Maintenant, la pratique, comment fait-on de la QNAME
minimisation ? La question envoyée par le résolveur au
serveur faisant autorité comprend un QNAME (Query
Name, le nom demandé) et un QTYPE (Query
Type, le type de données, par exemple serveur de courrier,
adresse IP, texte libre, etc). Avec la QNAME
minimisation, le nom doit être le nom le plus court
possible. Quand le résolveur interroge un serveur
racine, il n'envoie comme QNAME que le TLD, par
exemple. Trouver « le plus court possible » n'est pas forcément
trivial en raison des coupures de zone. Dans un nom comme
miaou.foo.bar.example
,
foo.bar.example
et
bar.example
font peut-être partie de la même
zone (et ont donc les mêmes serveurs faisant autorité) et peut-être
pas. Rien dans la syntaxe du nom ne l'indique. Contrairement à une
idée fausse et répandue, il n'y a pas forcément une coupure de zone
pour chaque point dans le nom. Trouver les
coupures de zone est expliqué dans le RFC 2181, section 6. Un résolveur qui valide avec DNSSEC
doit savoir trouver ces coupures, pour savoir à qui demander les
enregistrements de type DS. Les autres (mais quelle idée, en 2021,
d'avoir un résolveur qui ne valide pas) doivent s'y mettre. Si, par
exemple, foo.bar.example
et
bar.example
sont dans la même zone, le
résolveur qui veut trouver des données associées à
miaou.foo.bar.example
va envoyer le QNAME
example
à la racine, puis
bar.example
au serveur du TLD, puis
miaou.foo.bar.example
au serveur de
bar.example
. (Avant la QNAME
minimisation, il aurait envoyé le QNAME
miaou.foo.bar.example
à tout le monde.)
Cela, c'était pour le QNAME. Et le QTYPE ? On peut choisir celui qu'on veut (à l'exception de ceux qui ne sont pas dans la zone, comme le DS), puisque les délégations de zones ne dépendent pas du type. Mais, et c'est un sérieux changement depuis le RFC 7816, notre RFC recommande le type A (ou AAAA), celui des adresses IP, et plus le type NS (les serveurs de noms), que recommandait le RFC 7816. Deux raisons à ce changement :
Vous voyez ici le schéma de la résolution DNS sans la QNAME minimisation puis avec :
Dans certains cas, la QNAME minimisation peut
augmenter le nombre de requêtes DNS envoyées par le résolveur. Si un
nom comporte dix composants (ce qui arrive dans des domaines
ip6.arpa
), il faudra dans certains cas dix
requêtes au lieu de deux ou trois. Les RFC 8020 et RFC 8198
peuvent aider à diminuer ce nombre, en permettant la synthèse de
réponses par le résolveur. Une autre solution est de ne pas ajouter
un composant après l'autre en cherchant le serveur faisant autorité
mais d'en mettre plusieurs d'un coup, surtout après les quatre
premiers composants.
Un algorithme complet pour gérer la QNAME
minimisation
figure dans la section 3 du RFC.
Notez que, si vous voulez voir si votre résolveur fait de la QNAME minimisation, vous pouvez utiliser tcpdump pour voir les questions qu'il pose mais il y a une solution plus simple, la page Web de l'OARC (dans les DNS features).
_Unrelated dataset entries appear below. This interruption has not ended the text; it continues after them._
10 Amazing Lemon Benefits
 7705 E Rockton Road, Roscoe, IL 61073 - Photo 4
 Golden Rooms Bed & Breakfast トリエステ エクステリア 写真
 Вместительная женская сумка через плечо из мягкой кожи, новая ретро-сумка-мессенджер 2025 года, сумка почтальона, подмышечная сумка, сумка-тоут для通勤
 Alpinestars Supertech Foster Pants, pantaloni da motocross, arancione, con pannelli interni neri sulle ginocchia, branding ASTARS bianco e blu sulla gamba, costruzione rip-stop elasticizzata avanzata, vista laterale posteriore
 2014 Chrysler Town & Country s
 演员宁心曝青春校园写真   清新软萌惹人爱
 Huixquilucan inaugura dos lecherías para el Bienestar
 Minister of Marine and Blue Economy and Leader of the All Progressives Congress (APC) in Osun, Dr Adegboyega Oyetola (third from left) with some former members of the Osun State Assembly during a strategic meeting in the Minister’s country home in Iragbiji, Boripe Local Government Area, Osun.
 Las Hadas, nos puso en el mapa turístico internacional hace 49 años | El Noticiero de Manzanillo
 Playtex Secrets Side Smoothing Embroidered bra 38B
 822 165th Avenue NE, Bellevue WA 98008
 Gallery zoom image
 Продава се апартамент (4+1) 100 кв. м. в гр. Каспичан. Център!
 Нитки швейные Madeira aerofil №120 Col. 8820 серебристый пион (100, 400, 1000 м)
Un test avec les sondes RIPE Atlas semble indiquer que la QNAME minimisation est aujourd'hui largement répandue (les deux tiers des résolveurs utilisés par ces sondes) :
% blaeu-resolve --requested 1000 --type TXT qnamemintest.internet.nl ["hooray - qname minimisation is enabled on your resolver :)!"] : 651 occurrences ["no - qname minimisation is not enabled on your resolver :("] : 343 occurrences Test #33178767 done at 2021-11-05T14:41:02Z
Il existe aussi une étude récente sur la QNAME minimization en République Tchèque.
Comme son prédécesseur, ce RFC utilise (prétend Verisign) un brevet. Comme la plupart des brevets logiciels, il n'est pas fondé sur une réelle invention (la QNAME minimisation était connue bien avant le brevet).
Ah, et vous noterez que le développement de ce RFC, par trois auteurs, a été fait sur FramaGit.